We chose Wipeout, because David likes “big splash,” and after a few seconds it started playing. And it looked just fine to me, certainly as good as it does on the satellite, and I’m pretty sure it even included Dolby Digital 5.1 surround. The only problems we saw were the audio was quite low on the clip (the commercial before it was fine), and the display was forced widescreen – not good on a standard definition TV without letterboxing. I contacted Hulu support and let them know, and got a friendly response from someone who said he talked to one of the lead developers, they know about that problem and are already working on a fix. Yay!

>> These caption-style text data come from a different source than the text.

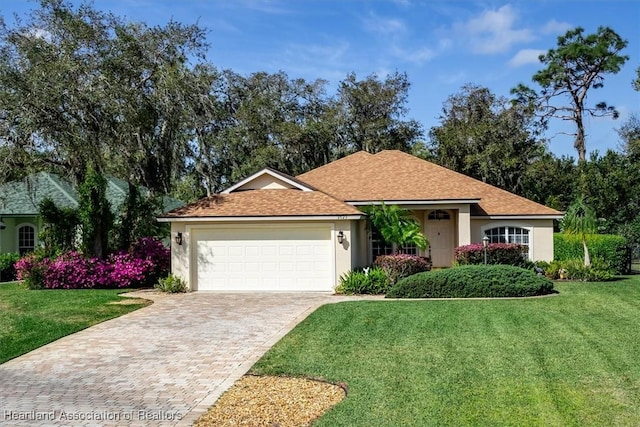 ranch-style house with a front lawn, decorative driveway, an attached garage, and stucco siding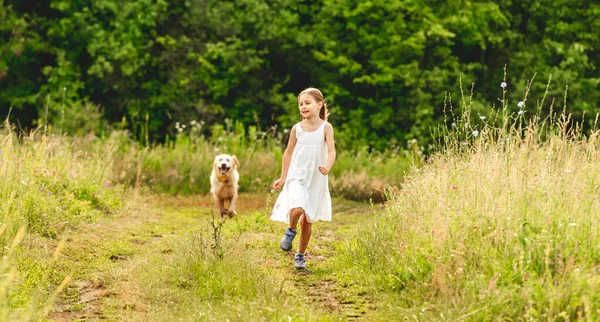 Мила маленька дівчинка біжить з собакою — стокове фото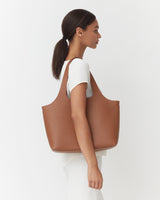Woman in a white top carrying a large tote bag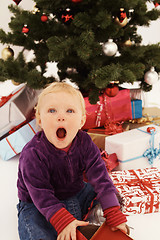 Image showing Christmas - Surprised child opening gifts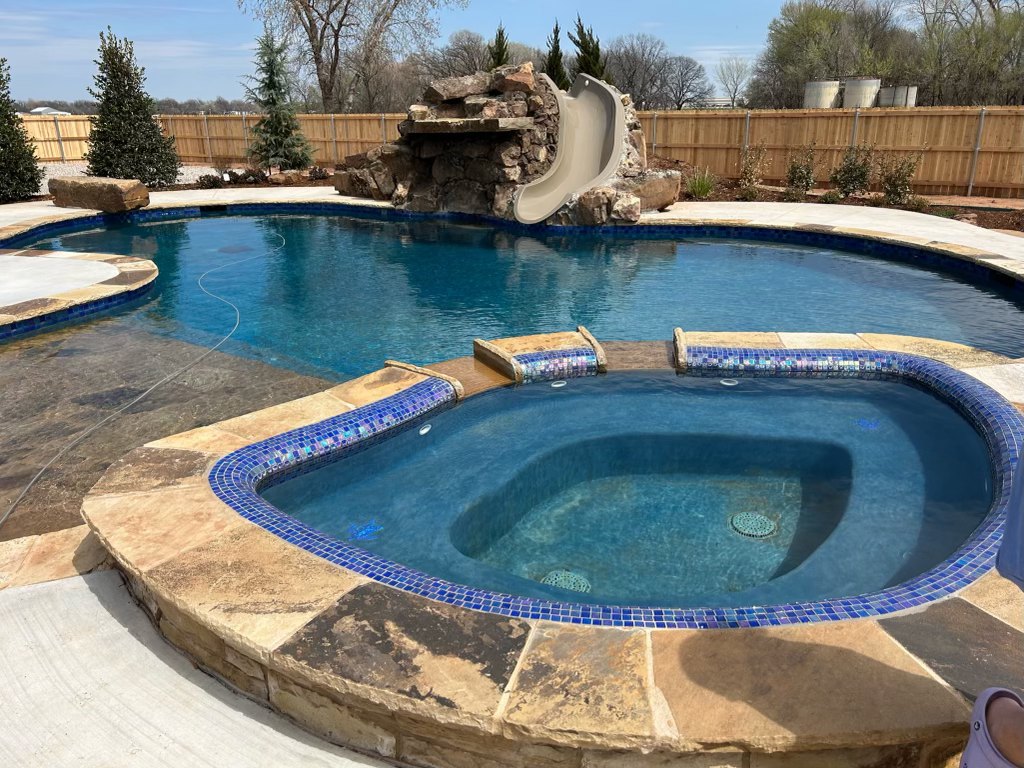 Freeform pool with slide, rock feature and glass-tile spa, Oklahoma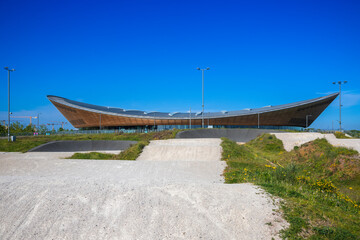 Naklejka premium London, UK - 21 September, 2025 - Lee Valley Velopark, a cycling centre on Queen Elizabeth Olympic Park, including a velodrome and BMX racing track (bicycle motocross)
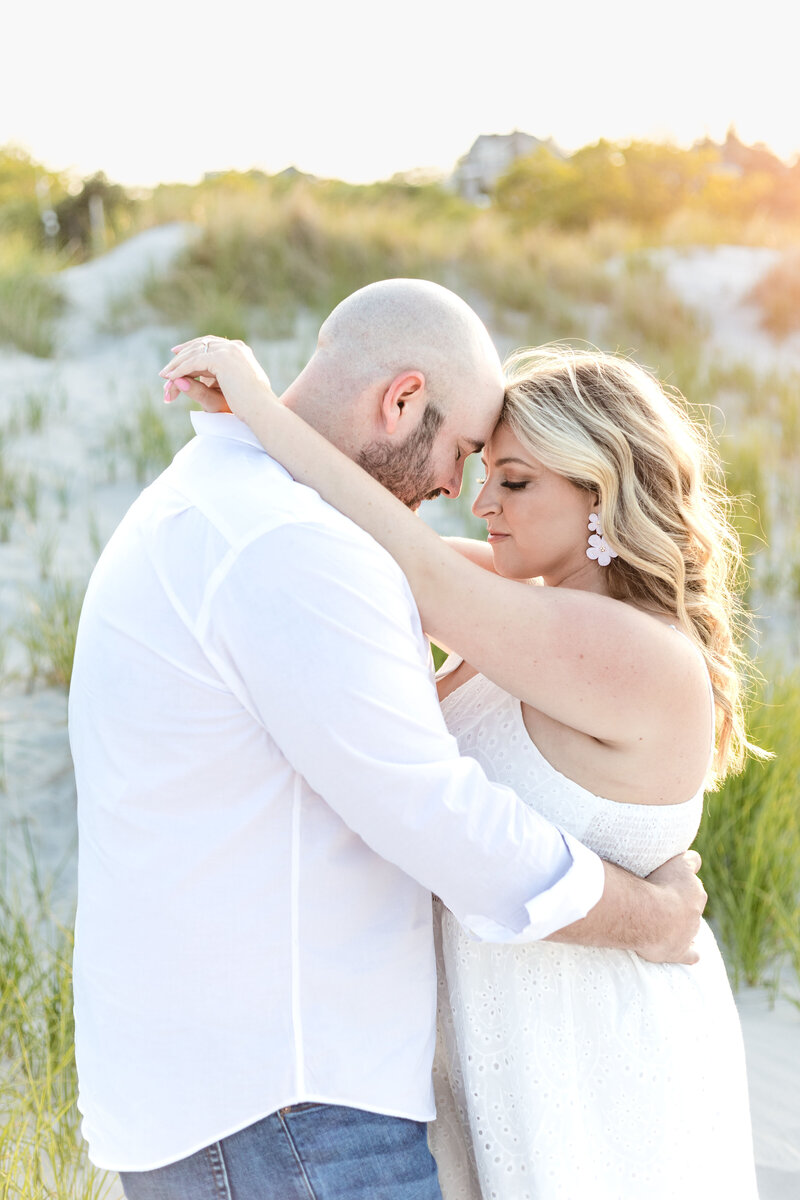 An engaged couple embrace on Wingearsheek beach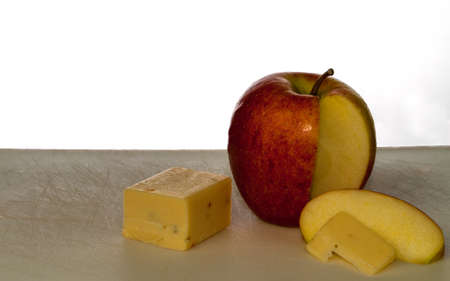 Apple and Cheese with Slices on a cutting boardの写真素材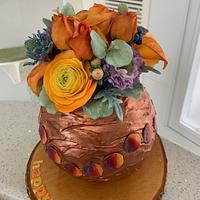 vase cake with flowers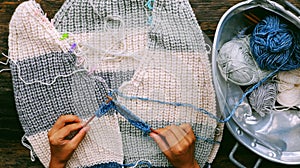 Vietnamese woman hands knitting woollen sweater, knit at home to make handicraft clothing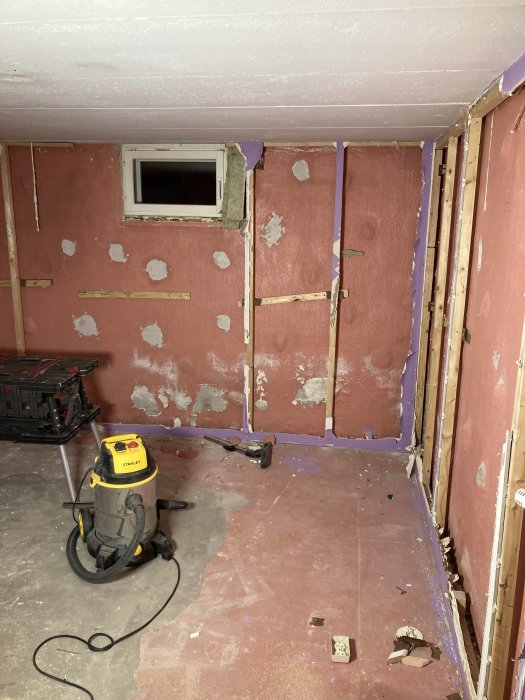 Renovering av källare med slipade väggar och gipsbruk, påbörjad klinkersläggning, golv- och väggsug finns med.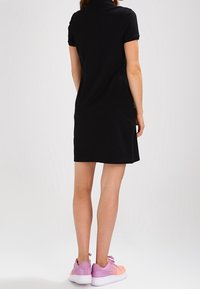 Abito polo nero con maniche corte, dalla forma leggermente aderente e design sobrio, abbinato a sneakers rosa e bianche.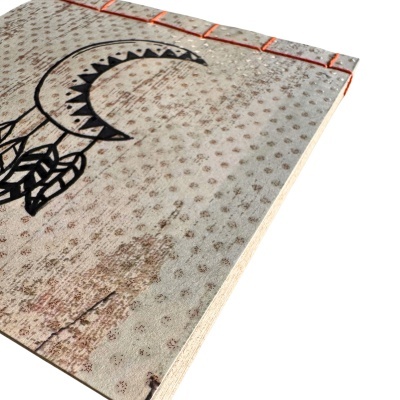 Livro com capa dura clara e desenho preto de meia-lua e penas com costura alaranjada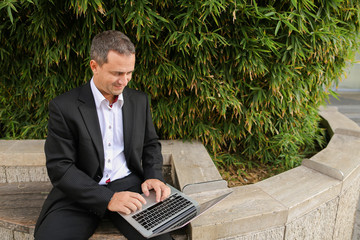 Businessman typing by laptop outside near green plant in   and looking at watch. Concept of ecology...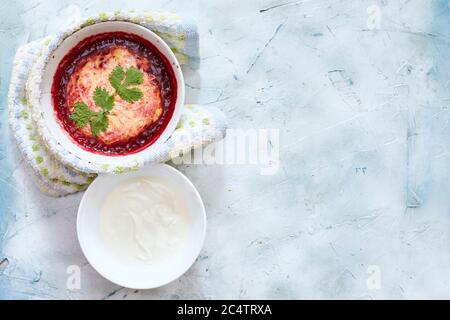 Köstliche und lebendige, kinderfreundliche Suppe aus roher Rote Bete, Karotte und Kartoffeln, garniert mit Creme fraiche und zerbröseltem Feta-Käse Stockfoto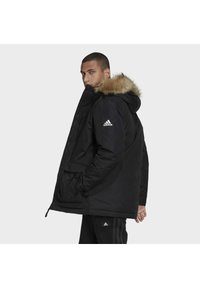 Černá zateplená parka s kapucí z kožešiny, zapínání na zip, dvě přední kapsy a logo Adidas na rukávu.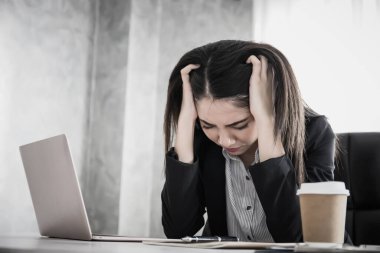 İş yerinde yeni bir projeyle düşünürken ellerinin başının üzerinde strese giren kadınlar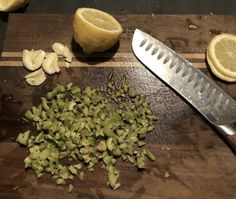 chopped up vegetables on a cutting board next to a knife and lemon wedges with one cut in half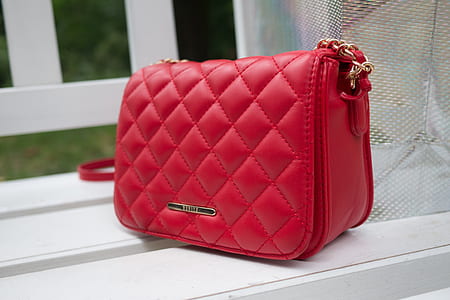 quilted red leather flap bag on wooden chair thumbnail
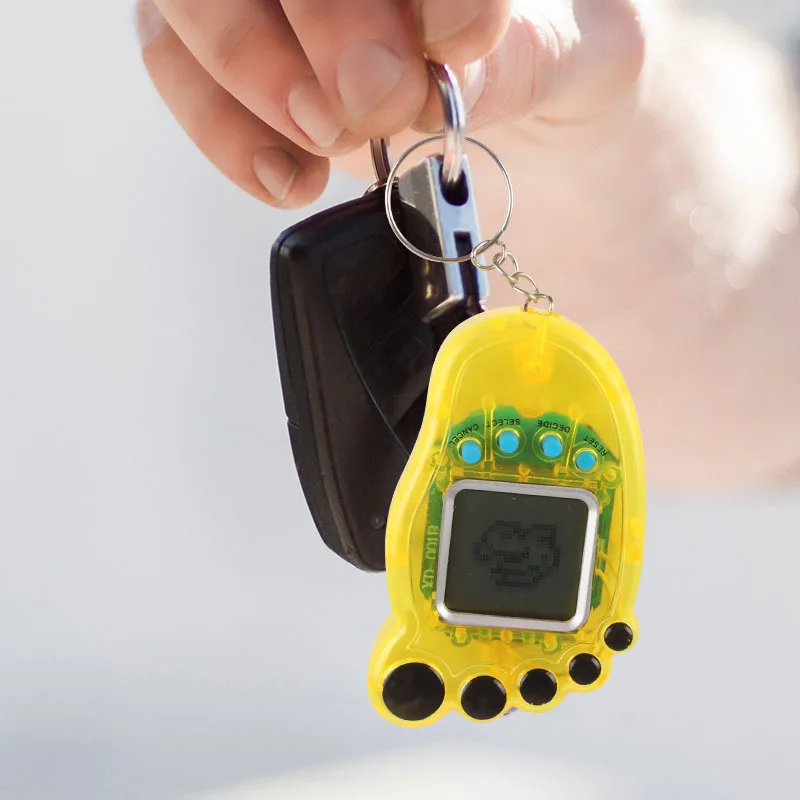 New foot mini electronic pet machine handheld mini game keychain pendant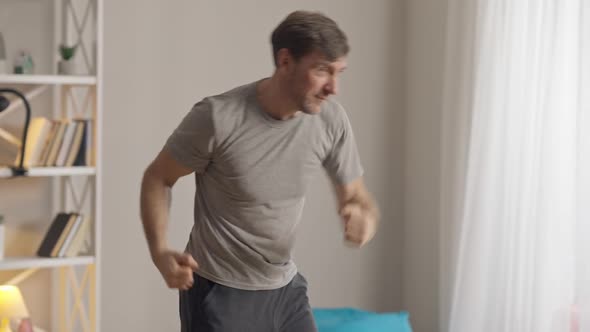 Concentrated Caucasian Man Boxing Shadow at Home in the Morning alt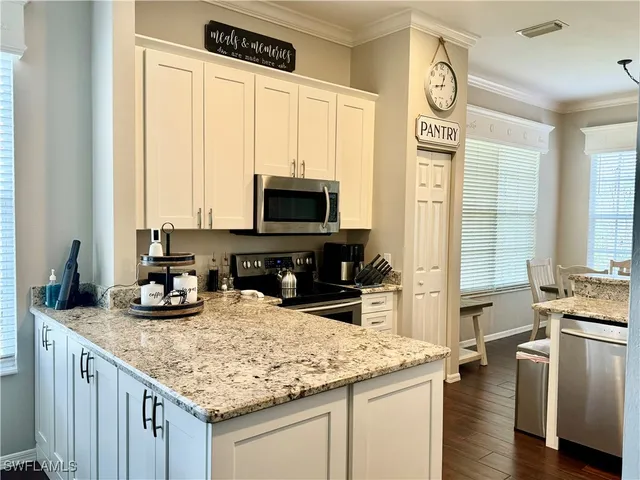 a kitchen with stainless steel appliances granite countertop a sink stove and cabinets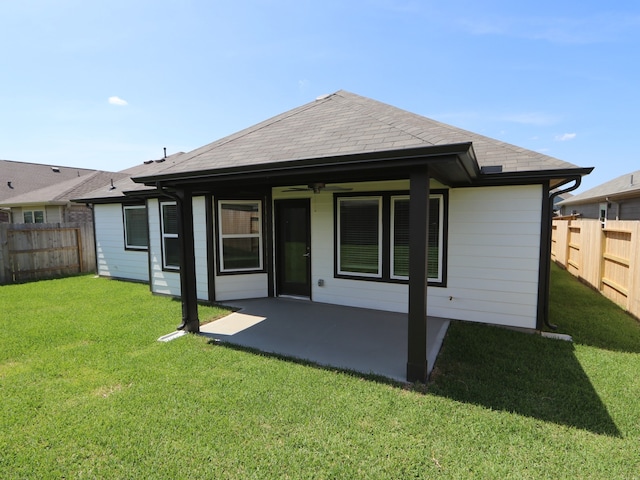 22478 Birchfield Grove Ln, New Caney, TX 77357 - back of property with ceiling fan and a patio
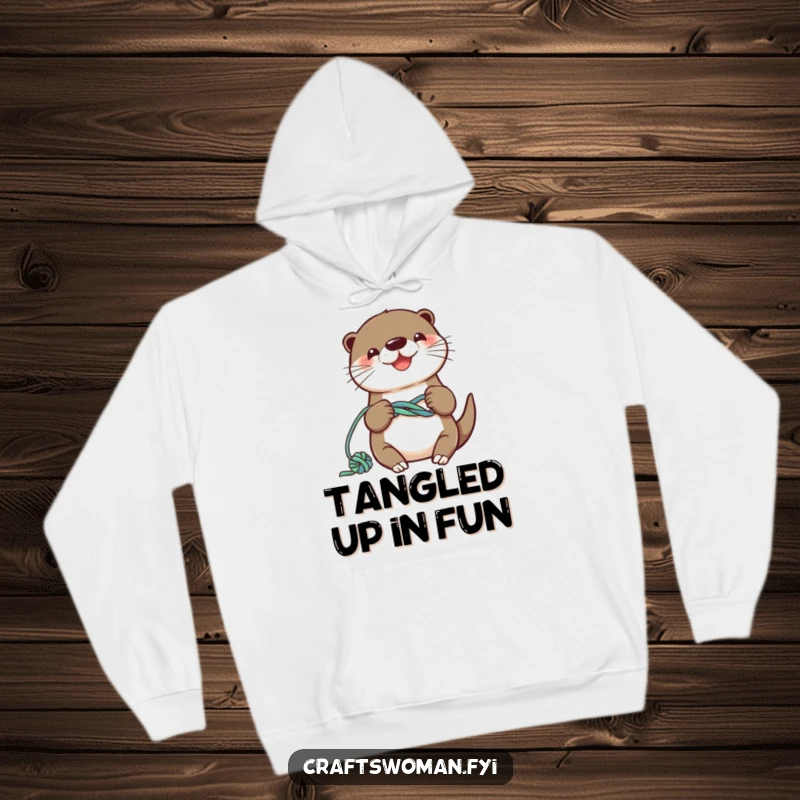 Funny otter hoodie with a smiling character knotting colorful yarn into a playful design, cozy and heartwarming.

Now what about the content on Hulu? Well, most of the shows that we watch are or will be there. I don’t know if the delays will still exist for Hulu Plus subscribers – for example, when Eureka airs on a Friday, it’s not available on Hulu until 8 days later – but even if they do that’s not the end of the world, half the time we don’t watch something the day it airs anyway. The biggest problem would be timing, as in catching a show before it falls off the “last five episodes” list for that season, but Hulu Plus is supposed to fix that by in many cases allowing you to watch all episodes from the current season as long as that season is airing – won’t be hard to catch up on a show before a new season starts, so that takes care of that problem. And worst case scenario, I can probably get the previous season’s DVD from Netflix if I need to catch up more than that.
So now I wait for a Hulu Plus invite, and meanwhile decide if I want to keep paying DirecTV for a little longer or cancel it and play catch-up once I have the Hulu account. The only other issue we still have is news – Stephanie has become accustomed to watching Good Morning America in the mornings, and so far as we can tell that’s not available streaming anywhere. Hulu does have excerpts from the show though, so they may be sufficient once we get things moving forward.